The book also seems to touch on themes of self-improvement, personal

# Customizing Querying

- 🔧 **Customizing Retrieval**: Use LlamaIndex's low-level composition API to adjust `top_k` value for more granular control over query results.

- 📈 **Adding Post-Processing**: Implement a step to ensure only nodes meeting a minimum similarity score are included, balancing between data richness and relevance.

- 🎚️ **SimilarityPostprocessor**: Set a similarity score threshold, compatible only with embedding-based retrievers, to ensure high relevance.

In [25]:
from llama_index.core import get_response_synthesizer
from llama_index.core.retrievers import VectorIndexRetriever
from llama_index.core.query_engine import RetrieverQueryEngine
from llama_index.core.postprocessor import SimilarityPostprocessor

# configure a retriever
retriever = VectorIndexRetriever(
    index=index,
    similarity_top_k=10,
)

# configure a post processor
similarity_processor = SimilarityPostprocessor(similarity_cutoff=0.32)

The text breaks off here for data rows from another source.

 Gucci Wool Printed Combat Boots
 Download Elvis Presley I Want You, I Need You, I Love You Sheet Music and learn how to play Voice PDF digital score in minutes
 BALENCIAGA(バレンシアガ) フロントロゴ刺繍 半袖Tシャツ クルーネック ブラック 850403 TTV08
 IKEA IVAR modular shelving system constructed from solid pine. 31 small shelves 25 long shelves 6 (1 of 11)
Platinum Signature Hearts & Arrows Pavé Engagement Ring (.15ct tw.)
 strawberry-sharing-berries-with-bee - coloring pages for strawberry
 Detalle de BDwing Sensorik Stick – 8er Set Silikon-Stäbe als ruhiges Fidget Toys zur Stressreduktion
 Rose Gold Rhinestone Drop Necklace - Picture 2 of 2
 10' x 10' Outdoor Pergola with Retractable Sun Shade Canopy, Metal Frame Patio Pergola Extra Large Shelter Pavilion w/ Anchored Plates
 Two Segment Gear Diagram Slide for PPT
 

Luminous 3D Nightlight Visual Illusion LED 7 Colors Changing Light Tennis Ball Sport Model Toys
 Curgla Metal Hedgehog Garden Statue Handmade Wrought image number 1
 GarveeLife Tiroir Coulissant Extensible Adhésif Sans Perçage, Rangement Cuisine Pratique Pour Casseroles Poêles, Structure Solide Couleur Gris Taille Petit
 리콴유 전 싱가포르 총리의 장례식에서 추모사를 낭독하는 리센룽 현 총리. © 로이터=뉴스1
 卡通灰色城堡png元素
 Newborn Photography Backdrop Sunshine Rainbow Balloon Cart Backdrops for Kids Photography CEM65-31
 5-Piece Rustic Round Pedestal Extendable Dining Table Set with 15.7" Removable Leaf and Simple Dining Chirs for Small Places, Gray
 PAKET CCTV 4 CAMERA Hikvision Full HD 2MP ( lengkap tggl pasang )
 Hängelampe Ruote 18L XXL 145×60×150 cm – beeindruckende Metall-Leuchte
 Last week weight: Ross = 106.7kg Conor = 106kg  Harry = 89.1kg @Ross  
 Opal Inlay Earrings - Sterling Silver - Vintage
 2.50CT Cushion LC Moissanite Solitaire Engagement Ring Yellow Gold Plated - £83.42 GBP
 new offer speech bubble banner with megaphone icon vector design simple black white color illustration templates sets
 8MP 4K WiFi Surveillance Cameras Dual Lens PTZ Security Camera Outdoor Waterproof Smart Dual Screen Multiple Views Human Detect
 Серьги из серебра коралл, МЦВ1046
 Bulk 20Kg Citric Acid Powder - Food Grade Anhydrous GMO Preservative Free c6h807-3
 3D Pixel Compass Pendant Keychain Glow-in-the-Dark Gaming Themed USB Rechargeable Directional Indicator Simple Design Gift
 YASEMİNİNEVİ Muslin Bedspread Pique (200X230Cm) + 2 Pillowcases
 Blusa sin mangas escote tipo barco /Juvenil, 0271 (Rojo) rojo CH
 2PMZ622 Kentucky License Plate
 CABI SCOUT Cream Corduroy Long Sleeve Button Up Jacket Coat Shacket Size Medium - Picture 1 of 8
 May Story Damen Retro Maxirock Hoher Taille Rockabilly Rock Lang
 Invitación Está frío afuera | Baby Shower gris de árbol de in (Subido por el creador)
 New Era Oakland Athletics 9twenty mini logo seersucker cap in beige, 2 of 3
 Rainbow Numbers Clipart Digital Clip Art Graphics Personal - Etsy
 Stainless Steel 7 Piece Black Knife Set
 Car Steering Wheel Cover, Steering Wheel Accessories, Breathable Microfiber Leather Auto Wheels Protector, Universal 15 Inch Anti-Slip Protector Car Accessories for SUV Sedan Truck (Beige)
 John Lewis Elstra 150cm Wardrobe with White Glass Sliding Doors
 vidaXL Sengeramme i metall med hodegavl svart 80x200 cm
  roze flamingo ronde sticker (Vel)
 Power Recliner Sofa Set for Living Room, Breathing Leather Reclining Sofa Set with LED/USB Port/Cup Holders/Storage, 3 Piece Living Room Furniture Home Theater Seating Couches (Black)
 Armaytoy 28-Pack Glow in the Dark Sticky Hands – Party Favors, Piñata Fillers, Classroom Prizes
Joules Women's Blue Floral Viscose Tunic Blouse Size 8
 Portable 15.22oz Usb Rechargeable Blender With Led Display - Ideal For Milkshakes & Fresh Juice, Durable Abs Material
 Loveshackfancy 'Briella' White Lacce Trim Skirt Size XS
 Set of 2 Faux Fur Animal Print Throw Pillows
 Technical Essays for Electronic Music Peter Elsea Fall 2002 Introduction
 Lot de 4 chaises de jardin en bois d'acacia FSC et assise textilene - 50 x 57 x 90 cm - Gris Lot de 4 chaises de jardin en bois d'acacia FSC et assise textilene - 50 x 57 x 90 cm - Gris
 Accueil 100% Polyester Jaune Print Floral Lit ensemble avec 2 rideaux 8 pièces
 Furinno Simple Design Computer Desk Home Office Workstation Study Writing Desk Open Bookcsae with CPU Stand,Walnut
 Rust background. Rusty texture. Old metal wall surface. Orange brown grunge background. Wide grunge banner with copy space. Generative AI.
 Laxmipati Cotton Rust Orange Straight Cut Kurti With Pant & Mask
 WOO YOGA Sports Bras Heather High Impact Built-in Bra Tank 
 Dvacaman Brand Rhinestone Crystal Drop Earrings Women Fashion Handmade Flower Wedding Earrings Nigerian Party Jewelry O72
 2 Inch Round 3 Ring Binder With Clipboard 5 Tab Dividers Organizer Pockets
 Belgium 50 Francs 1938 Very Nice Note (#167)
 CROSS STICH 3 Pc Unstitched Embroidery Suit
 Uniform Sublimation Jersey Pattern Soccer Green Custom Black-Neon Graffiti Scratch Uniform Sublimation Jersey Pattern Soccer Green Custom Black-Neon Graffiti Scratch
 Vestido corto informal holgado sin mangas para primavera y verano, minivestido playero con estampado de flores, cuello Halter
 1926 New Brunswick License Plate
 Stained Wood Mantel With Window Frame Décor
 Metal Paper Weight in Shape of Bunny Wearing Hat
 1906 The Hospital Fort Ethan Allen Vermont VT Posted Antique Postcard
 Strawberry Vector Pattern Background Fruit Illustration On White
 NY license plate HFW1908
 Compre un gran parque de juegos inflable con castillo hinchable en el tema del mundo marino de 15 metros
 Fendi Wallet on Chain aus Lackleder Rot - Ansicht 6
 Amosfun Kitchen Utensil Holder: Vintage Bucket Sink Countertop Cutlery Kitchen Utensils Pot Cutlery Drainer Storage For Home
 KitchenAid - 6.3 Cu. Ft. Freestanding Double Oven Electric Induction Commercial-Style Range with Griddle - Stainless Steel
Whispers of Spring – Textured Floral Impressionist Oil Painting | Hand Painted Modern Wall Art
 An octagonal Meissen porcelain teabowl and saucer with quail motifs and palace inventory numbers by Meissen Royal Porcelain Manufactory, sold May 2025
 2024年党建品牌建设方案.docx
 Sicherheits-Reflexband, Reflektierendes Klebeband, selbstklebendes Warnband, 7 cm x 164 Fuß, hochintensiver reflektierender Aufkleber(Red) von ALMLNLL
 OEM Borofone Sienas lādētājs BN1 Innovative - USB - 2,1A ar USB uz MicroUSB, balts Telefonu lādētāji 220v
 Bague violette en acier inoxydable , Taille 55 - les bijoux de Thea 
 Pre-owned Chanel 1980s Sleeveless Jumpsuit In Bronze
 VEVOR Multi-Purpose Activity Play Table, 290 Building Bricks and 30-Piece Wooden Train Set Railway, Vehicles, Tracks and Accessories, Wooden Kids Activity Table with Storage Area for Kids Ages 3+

# configure a response sythesizer
response_synthsizer = get_response_synthesizer(llm=llm)

# create a query engine
query_engine = RetrieverQueryEngine(
    retriever=retriever,
    response_synthesizer=response_synthsizer,
    node_postprocessors=[similarity_processor],
)

In [26]:
query_engine.query("Compare the portrayal of internal versus external battles in the narratives and poems")

Response(response='The provided text contains a collection of poems and narratives that explore various themes, including the power of the human spirit, the importance of perseverance, and the value of inner strength. While some pieces focus on external battles, such as the poem "Battle Cry," which speaks of the courage and determination required in physical combat, many delve into the internal struggles and triumphs of the human experience.\n\nOne recurring theme is the idea that true strength lies within the individual, and that external circumstances should not define one\'s character. For instance, "The Quitter" encourages resilience in the face of adversity, emphasizing that it\'s not the end result but the act of fighting that matters. Similarly, "The Call of the Unbeaten" highlights the importance of "stick-to-it-iveness" and determination in overcoming obstacles.\n\nThe poem "Know Thyself" takes this idea further, suggesting that the greatest battles are fought within the self.

In [16]:
client.close()

# JC Takeaway

Re-implement the whole thing:

1. Load env variables from .env;
2. Build a RAG chatbot using Cohere LLM and the "it_can_be_done" collection that we stored in Qdrant vector database.


In [49]:
import os
import nest_asyncio
import dotenv
import getpass

import qdrant_client as qdrant
import llama_index.core as li
import llama_index.vector_stores.qdrant as vs_qdrant  
import llama_index.embeddings.cohere as emb_cohere
import llama_index.llms.cohere as llm_cohere

nest_asyncio.apply()
dotenv.load_dotenv()

CO_API_KEY = os.getenv('CO_API_KEY') or getpass.getpass("Enter your Cohere API key: ")
QDRANT_URL = os.getenv('QDRANT_URL') or getpass.getpass("Enter your Qdrant URL:")
QDRANT_API_KEY = os.getenv('QDRANT_API_KEY') or getpass.getpass("Enter your Qdrant API Key: ")

embed_model = emb_cohere.CohereEmbedding(
    api_key=CO_API_KEY, 
    model_name="embed-english-light-v3.0"
)
llm = llm_cohere.Cohere(
    model="command-r-plus-08-2024", 
    api_key=CO_API_KEY, 
    max_tokens=512
)
qdrant_client = qdrant.QdrantClient(
    api_key=QDRANT_API_KEY,
    url=QDRANT_URL, 
)
vector_store = vs_qdrant.QdrantVectorStore(
    client=qdrant_client, 
    collection_name="it_can_be_done",
#    embed_model=embed_model,
)
# storage_context = li.
index = li.VectorStoreIndex.from_vector_store(
    vector_store=vector_store, 
    embed_model=embed_model
)

query_engine = index.as_query_engine(llm=llm, streaming=True)
response = query_engine.query(
    "What's the shortest poem in this book?"
)
response.print_response_stream()

# index.as_chat_engine(llm=llm).streaming_chat_repl()

The shortest poem in this collection is "Keep A-Goin'!"